WASHINGTONThe Securities and Exchange Commission (SEC) has charged two investors with illegally profiting from insider trading in connection with the failed acquisition of Cooper Tire & Rubber Co. by India's Apollo Tyres Ltd.
Amit Kanodia, an entrepreneur and private equity investor based in Brookline, Mass., and Iftkar Ahmed, a Greenwich, Conn.-based venture capitalist and owner of the firm Rakitfi Holdings L.L.C., were named as defendants in a fraud complaint filed April 2 in the Connecticut federal district court.
Rakitfi Holdings and the Lincoln Charitable Foundation, a charity operated by Mr. Kanodia, were named as relief defendants in the lawsuit, the SEC said in a press release.
The SEC seeks full return of the money obtained by the alleged insider trading, with interest, as well as civil monetary penalties. In addition, the U.S. Attorney's Office for the District of Massachusetts announced parallel criminal charges against Messrs. Kanodia and Ahmed.
According to the complaint, Apollo and Cooper were engaged in serious merger negotiations by April 2013. Although the acquisition was never completed, Cooper's stock price jumped 41 percent when the deal was announced in June 2013, the SEC said.
Mr. Kanodia tipped Mr. Ahmed and another friend about the deal before it was announced, the complaint said. Mr. Kanodia learned about the acquisition from his wife, then the general counsel at Apollo, who was intimately involved in the negotiations, the agency said.
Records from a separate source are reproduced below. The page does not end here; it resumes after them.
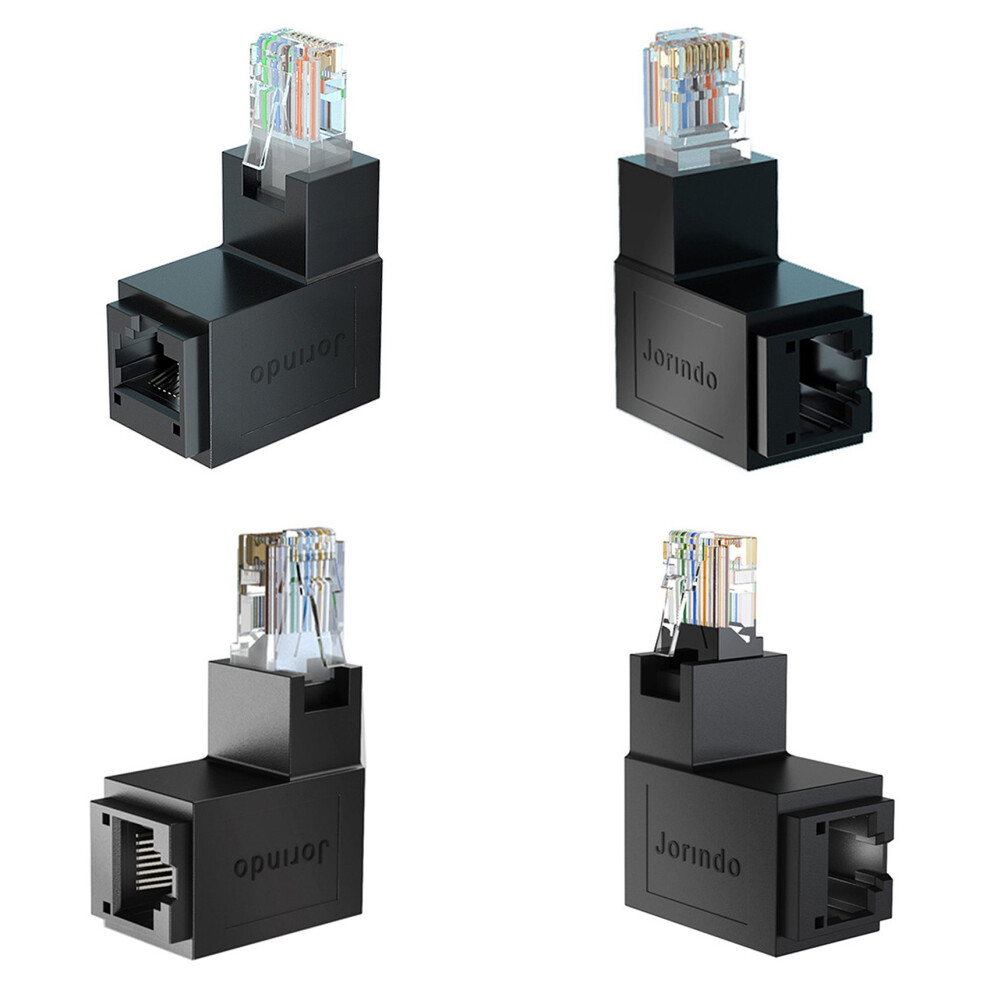 Rj45 Male To Female Ethernet Adapter Network Extender 90 Degree Bend U 4851282135326
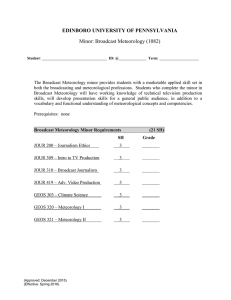 EDINBORO UNIVERSITY OF PENNSYLVANIA Minor: Broadcast Meteorology (1082)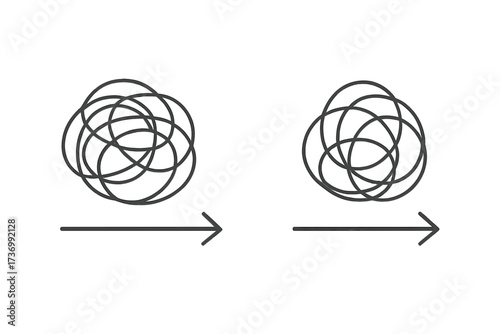 Chaos to order, complex to simple. Confusion clarity concept. Problem solving. Untangle messy scribble. Psychotherapy, coaching process. Mental health, stress control metaphor.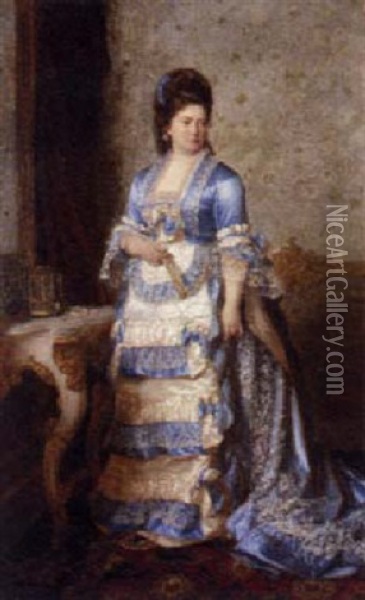 Portrait Of A Lady Wearing A Turquoise And White Ball Dress Oil Painting - Ludwig Graf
Mr. Ahmed began buying up Cooper stock, then sold it for more than $1.1 million when the deal was announced, according to the complaint. Mr. Ahmed later paid Mr. Kanodia a kickback by transferring $220,000 to the Lincoln Charitable Foundation, which the SEC said Mr. Kanodia used to mask the kickback.
The other friend, identified in the lawsuit as Tippee 1, also profited from the insider trading and paid Mr. Kanodia a kickback through the Lincoln Charitable Foundation, the complaint said.
Messrs. Kanodia and Ahmed were charged with violating federal antifraud laws and a related SEC anti-fraud rule.
Cooper shareholders voted to approve the merger Sept. 30, 2013, but a series of disputes and lawsuits between Cooper and Apollo caused the formal termination of the merger agreement Dec. 30, 2013.
A group of shareholders since has sued Cooper, alleging that the Findlay, Ohio-based tire maker misrepresented the risks associated with the merger (see page 3). Cooper has petitioned the Delaware federal district court to dismiss the suit.